A Penang Gerakan statement at a media conference, publicised on 30 March 2016 over ntv7’s 8pm English news, probably raised some eyebrows and cynical amused laughter from the public. A spokesperson said that the previous BN government had allocated the Taman Manggis land for low and medium-cost housing because it was concerned for the poor. He seemed to make out that the Gerakan-BN administration had made the provision of low-cost housing a priority in Penang and that the present DAP-led Pakatan state government has no concern for those in the lower income strata.
Putting aside the allegations first initiated by a Penang Umno branch of price under-cutting in the house purchase by the Penang chief minister and the link between that and the disputed Taman Manggis land, which BN agents are trying hard to establish but have not yet substantiated with concrete evidence; the expression of concern exhibited by Penang Gerakan is as flimsy as a torn piece of used tissue.
While the MACC has stepped in to look into this mess with the apparently cordial encouragement and cooperation of the Penang CM, Penang BN continues to blow hot air in Parliament and in the state, obviously trying to influence the process and public opinion. The ‘sandiwara’ has gone to another level, where the Umno-BN hope to rev up public excitement with talk of “to-debate-or-not-to-debate” the issue in public (now called off).

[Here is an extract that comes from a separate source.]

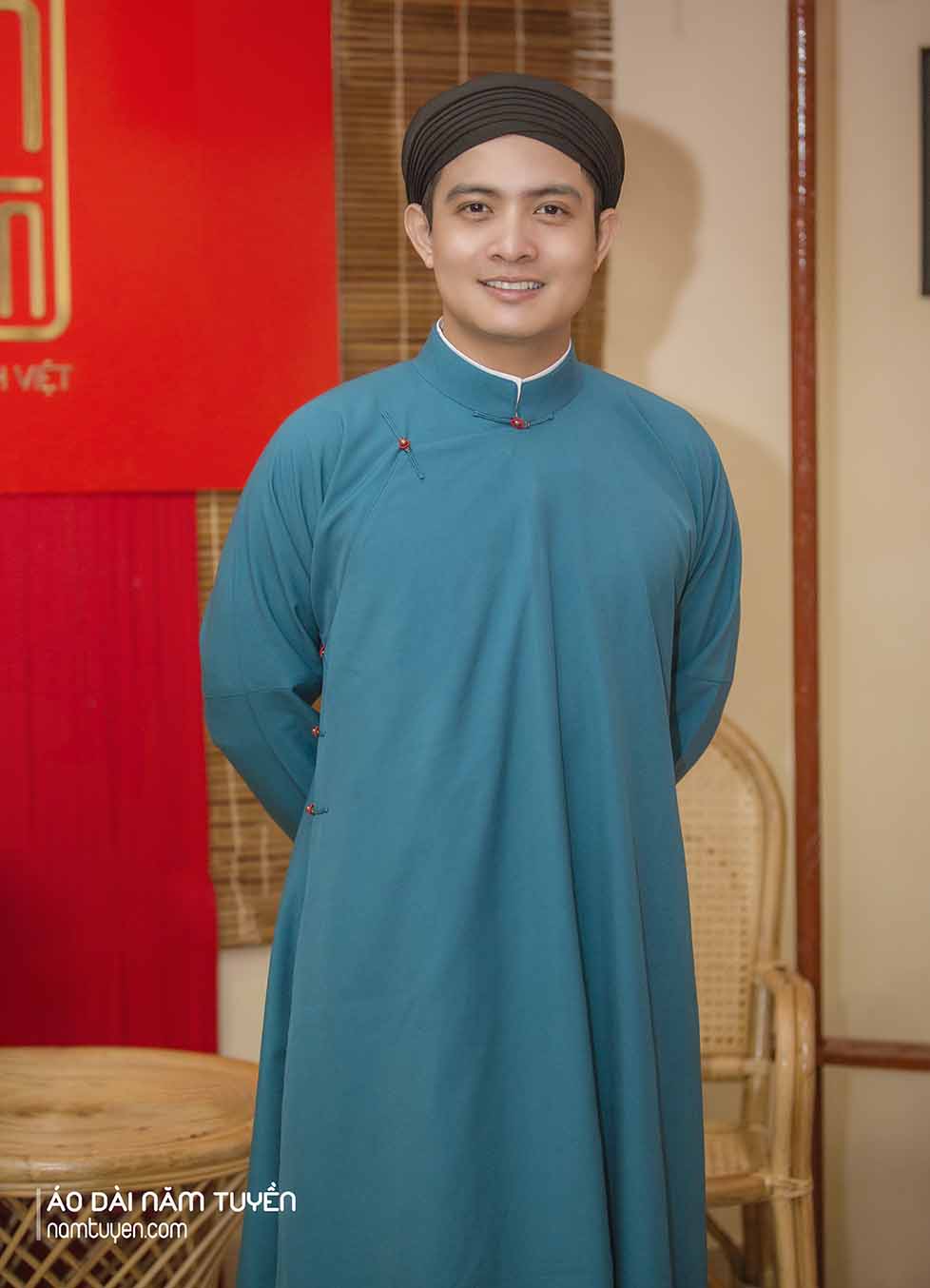 Áo Dài Ngũ Thân Nam truyền thống Màu Xanh Lý Nhã Nhặn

The irony of it all is that the BN was utterly defeated in Penang in GE12 and GE13 despite their ‘hard sell’ attempts to ‘persuade’ Penang voters to return to their fold. This foot-in-mouth habit has only served to remind the electorate why Penangites rejected the BN administration in favour of the opposition DAP-led Pakatan state administration.
Although no government is perfect, all we need to do is to look back at the state of affairs in Penang under the Gerakan-led BN administration and compare it to the current state of affairs under the DAP-led Pakatan administration.
Did Penang voters push out the Gerakan-led BN state government because they showed concern for those in the lower-income strata and the poor? If memory serves, promises made by the Penang BN administration were nothing more than that. Do we have other options besides a two-party state?
Do we want to go back to those bad old days or look forward to a future the establishment of greater democracy in this country, with Penang a pioneer state in making democracy a reality for keeps. The choice is in the hands of the Penang electorate.